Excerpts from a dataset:
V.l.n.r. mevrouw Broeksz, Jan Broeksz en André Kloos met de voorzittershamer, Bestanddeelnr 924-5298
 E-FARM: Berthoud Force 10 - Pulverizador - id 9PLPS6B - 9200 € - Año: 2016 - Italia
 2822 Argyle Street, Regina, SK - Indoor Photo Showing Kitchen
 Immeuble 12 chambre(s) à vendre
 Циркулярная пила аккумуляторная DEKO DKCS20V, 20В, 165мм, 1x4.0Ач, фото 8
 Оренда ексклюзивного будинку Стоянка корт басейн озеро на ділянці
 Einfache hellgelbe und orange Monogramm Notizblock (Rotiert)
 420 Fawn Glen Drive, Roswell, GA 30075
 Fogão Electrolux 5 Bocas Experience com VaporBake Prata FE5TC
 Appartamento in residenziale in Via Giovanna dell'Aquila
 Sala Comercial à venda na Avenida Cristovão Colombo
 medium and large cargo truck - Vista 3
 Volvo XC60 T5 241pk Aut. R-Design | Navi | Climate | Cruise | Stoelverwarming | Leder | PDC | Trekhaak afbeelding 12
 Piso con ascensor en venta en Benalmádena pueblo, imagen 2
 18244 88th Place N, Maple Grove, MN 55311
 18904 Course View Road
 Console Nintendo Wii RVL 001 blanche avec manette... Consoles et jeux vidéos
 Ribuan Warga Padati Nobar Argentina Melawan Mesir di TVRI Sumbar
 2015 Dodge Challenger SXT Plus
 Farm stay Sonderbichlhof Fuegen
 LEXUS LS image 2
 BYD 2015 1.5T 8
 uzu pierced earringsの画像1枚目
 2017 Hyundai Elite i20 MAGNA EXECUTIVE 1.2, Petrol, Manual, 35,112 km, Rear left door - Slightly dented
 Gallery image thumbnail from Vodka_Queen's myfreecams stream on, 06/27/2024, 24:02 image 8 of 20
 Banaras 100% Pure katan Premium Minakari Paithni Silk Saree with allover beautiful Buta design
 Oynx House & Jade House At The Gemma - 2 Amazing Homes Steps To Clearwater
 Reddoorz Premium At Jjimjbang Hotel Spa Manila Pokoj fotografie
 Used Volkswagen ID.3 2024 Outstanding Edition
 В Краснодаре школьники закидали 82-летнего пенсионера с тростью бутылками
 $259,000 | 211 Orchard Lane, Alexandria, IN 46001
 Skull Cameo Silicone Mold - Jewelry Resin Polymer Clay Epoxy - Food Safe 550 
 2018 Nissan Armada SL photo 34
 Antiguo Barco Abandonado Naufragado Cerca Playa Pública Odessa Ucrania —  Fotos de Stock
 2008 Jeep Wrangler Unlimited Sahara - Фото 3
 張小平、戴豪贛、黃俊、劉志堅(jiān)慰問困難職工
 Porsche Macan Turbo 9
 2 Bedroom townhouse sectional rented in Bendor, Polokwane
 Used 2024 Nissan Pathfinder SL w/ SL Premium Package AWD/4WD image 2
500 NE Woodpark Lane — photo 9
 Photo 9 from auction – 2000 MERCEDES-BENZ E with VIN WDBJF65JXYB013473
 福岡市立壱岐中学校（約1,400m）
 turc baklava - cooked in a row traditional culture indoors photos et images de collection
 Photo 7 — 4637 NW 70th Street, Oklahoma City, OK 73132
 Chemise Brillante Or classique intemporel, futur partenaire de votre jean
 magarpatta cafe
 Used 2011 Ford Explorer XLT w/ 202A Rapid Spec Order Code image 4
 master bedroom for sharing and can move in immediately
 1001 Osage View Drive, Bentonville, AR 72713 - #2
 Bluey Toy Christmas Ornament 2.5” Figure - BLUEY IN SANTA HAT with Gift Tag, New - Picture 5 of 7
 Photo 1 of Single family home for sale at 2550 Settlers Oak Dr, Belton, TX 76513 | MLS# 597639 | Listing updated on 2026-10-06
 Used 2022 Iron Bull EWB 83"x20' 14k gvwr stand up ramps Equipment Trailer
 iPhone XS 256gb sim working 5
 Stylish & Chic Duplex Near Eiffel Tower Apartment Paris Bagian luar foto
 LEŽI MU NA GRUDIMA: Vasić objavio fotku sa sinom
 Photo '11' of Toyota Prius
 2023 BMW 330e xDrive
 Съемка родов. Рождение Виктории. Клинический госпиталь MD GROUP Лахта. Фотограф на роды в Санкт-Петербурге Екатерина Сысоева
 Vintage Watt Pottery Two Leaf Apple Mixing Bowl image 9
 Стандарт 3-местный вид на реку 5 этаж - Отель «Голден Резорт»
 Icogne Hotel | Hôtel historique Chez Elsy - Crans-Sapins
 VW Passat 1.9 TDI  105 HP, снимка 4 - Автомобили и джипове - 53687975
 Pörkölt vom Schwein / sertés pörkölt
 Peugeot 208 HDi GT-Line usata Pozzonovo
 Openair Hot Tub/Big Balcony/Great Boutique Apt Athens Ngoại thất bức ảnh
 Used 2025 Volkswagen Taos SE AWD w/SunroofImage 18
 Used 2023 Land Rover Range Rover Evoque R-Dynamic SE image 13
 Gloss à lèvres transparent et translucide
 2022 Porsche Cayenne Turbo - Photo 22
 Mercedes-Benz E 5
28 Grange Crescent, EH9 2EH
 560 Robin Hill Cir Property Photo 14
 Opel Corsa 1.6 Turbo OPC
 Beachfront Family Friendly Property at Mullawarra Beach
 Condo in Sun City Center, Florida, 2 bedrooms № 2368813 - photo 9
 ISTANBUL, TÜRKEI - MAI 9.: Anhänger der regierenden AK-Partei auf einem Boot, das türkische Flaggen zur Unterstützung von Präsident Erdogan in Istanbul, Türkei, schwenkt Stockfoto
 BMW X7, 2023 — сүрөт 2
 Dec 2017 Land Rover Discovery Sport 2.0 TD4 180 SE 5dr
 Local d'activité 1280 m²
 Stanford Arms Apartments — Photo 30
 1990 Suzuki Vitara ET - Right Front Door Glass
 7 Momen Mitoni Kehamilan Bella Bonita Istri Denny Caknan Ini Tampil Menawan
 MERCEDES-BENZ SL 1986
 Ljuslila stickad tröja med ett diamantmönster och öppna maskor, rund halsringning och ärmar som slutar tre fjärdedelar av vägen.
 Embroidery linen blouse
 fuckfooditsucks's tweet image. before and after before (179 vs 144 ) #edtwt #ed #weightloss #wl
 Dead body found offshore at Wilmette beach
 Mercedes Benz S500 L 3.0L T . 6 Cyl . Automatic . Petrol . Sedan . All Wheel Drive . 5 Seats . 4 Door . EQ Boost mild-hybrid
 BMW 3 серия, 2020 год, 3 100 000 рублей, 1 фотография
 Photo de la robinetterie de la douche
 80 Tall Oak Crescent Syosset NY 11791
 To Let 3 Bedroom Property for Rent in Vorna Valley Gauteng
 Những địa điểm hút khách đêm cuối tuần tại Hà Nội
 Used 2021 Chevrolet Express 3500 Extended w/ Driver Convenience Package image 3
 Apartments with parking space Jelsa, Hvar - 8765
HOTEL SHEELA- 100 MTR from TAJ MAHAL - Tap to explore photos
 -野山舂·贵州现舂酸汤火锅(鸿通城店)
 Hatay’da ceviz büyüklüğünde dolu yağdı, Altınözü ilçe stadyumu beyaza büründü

● Requirement
From the records above, transcribe exactly the run of lines that opens with the line holding "2008 Jeep Wrangler Unlimited Sahara - Фото 3" and closes with the line holding "500 NE Woodpark Lane — photo 9", both included.

● Response to this exercise
 2008 Jeep Wrangler Unlimited Sahara - Фото 3
 張小平、戴豪贛、黃俊、劉志堅(jiān)慰問困難職工
 Porsche Macan Turbo 9
 2 Bedroom townhouse sectional rented in Bendor, Polokwane
 Used 2024 Nissan Pathfinder SL w/ SL Premium Package AWD/4WD image 2
500 NE Woodpark Lane — photo 9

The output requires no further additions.